Minutes after the earthquake struck in Sichuan on Monday the internet was alive with videos and eyewitness accounts of the disaster.

It was a contrast to the events in Tangshan 32 years ago, when the Chinese government refused for months to admit the 7.8 magnitude earthquake had even happened, despite the deaths of an estimated 240,000 people.

China's new found transparency has much to do with the arrival of the Olympics in Beijing next month.
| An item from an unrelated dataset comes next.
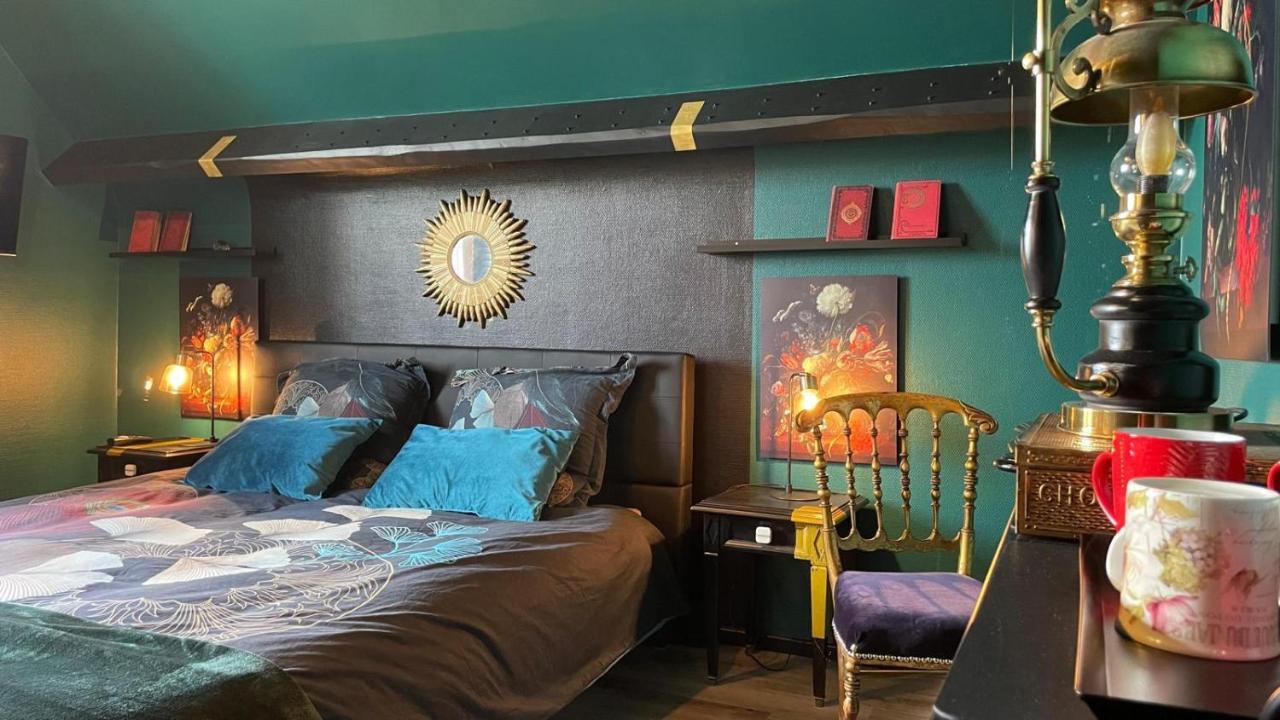 Les Nuits Victoriennes Bed & Breakfast Saint-Germain-du-Corbeis Luaran gambar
Although there are at least 29 journalists in Chinese prisons, 19 of whom are bloggers, the country has had to relax its reporting restrictions as a condition of holding the games.

Monday's disaster was a prime example of the uses of the internet to disseminate news from regions that traditional media organizations find difficult to reach.

The news of the Sichuan earthquake apparently broke first on Twitter.com, a website whose users constantly update the world on what is happening around them.

Links to maps showing the epicentre of the quake were posted alongside accounts of shaking buildings and evacuated offices from Chengdu, Shanghai and Beijing.

"Breathing normal again, feeling an earthquake on the 31stfloor was not fun," wrote Ana from Shanghai.

Videos of children hiding under desks and of the thousands of office workers congregating outside their buildings soon made their way onto YouTube, while a rolling account of the day's events was soon up on Shanghaiist, a Shanghai city website.

Shanghaiist posted 90 updates to the story, and started a rumour that the authorities had prior warning of the earthquake which provoked an official rebuke and more chatter across blogs.

The website gathered together material as diverse as reports that spy satellite images of the region were being used in the rescue operation, to the fact that Monday was Buddha's birthday, to a posting about how people killed in the earthquake were "victims of China's economic miracle."